- Cover art by Robert Rodriguez
- Developer: The Code Monkeys
- Publisher: Sega
- Platform: Sega CD
- Release: September 1995
- Genre: Adventure
- Mode: Single-player

= Wirehead (video game) =

1995 video game

Wirehead is a 1995 interactive film developed by The Code Monkeys and published by Sega for the Sega CD. It was produced by MGM Interactive. Wirehead was one of the last games released for the Sega CD, and one of the platform's most ambitious full-motion video productions.

== Gameplay ==
Ned Hubbard (Steve Witting) is a mild-mannered family man who has a wireless device implanted into his brain. When strange men attempt to kidnap Ned from his home, he flees for his life. The player guides Ned by manipulating his brain–computer interface. Every few seconds, the player must react quickly to an audiovisual prompt, and guide Ned in one of three or four possible directions. In most cases, one option advances the game, and the others lead to Ned's downfall.

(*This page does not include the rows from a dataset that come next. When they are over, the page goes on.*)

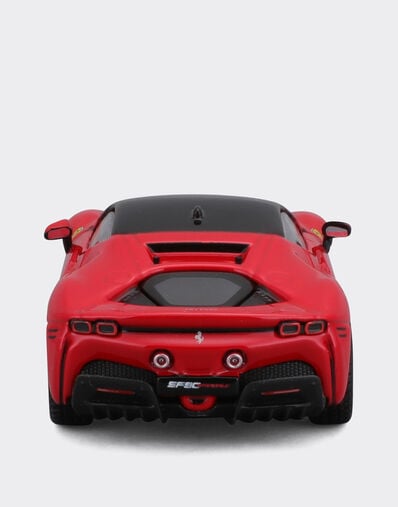 Ferrari Maqueta del Ferrari SF90 Stradale a escala 1:43 Rosso LO0R0059EXT0001f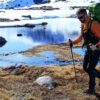 Hiking Stick Tracking Pole - Image 7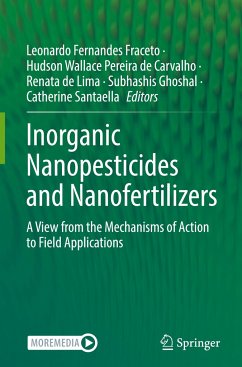 Inorganic Nanopesticides and Nanofertilizers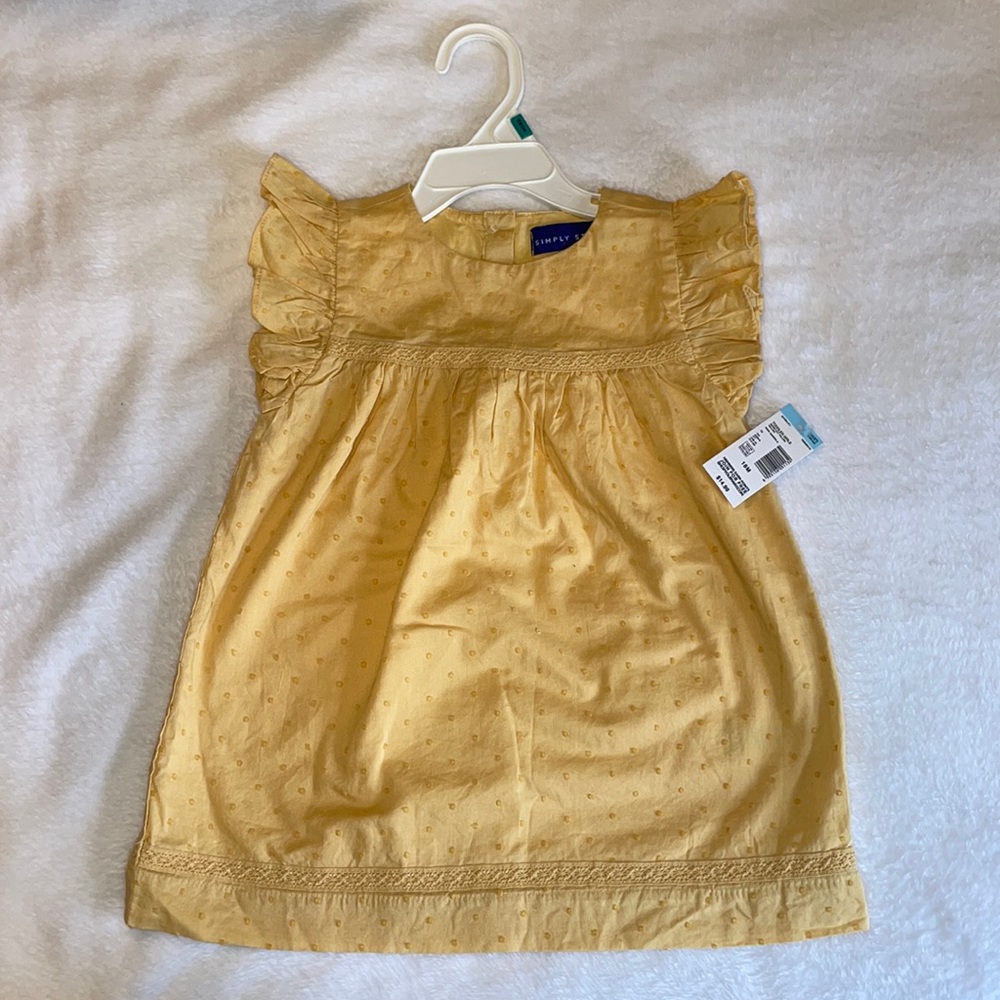 🌻 NWT Toddler dress 🌻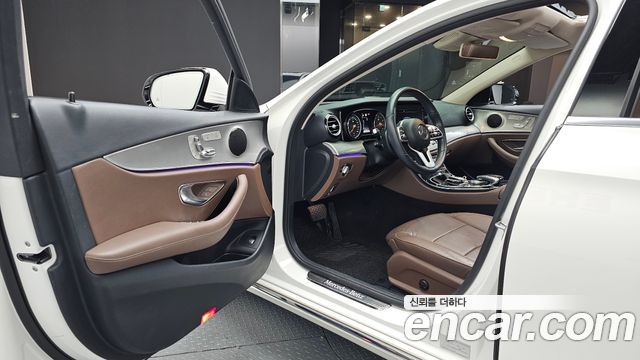 Mercedes-Benz E-Class (W213) E300 Avantgarde 2019 — фото 10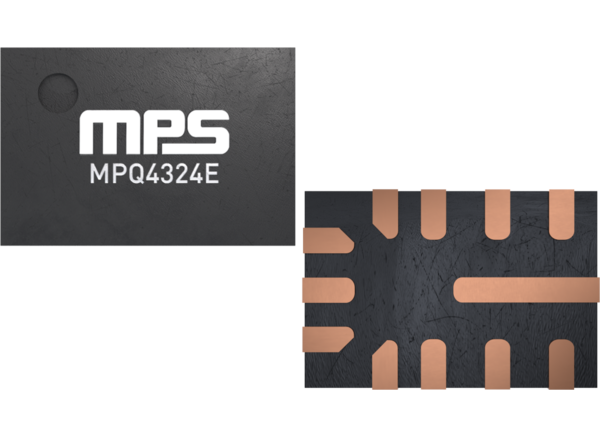 单片电源系统(MPS) MPQ4324E同步降压转换器的介绍、特性、及应用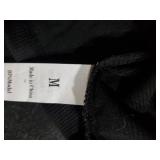 SUUKSESS Women Button Down Going Out Trendy Tops Ribbed Sexy Vest Y2K Tank Tops (Black, M)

Although Ned's evasive maneuvers are almost invariably non-violent, a few circumstances instigate "combat mode", in which the player has two attack options: punch or kick.

==Development==
The Sega CD version was released in September 1995. A version for the Sega CD 32X was announced, but never released.

==Reception==
Defunct Games gave the game a C+ review score.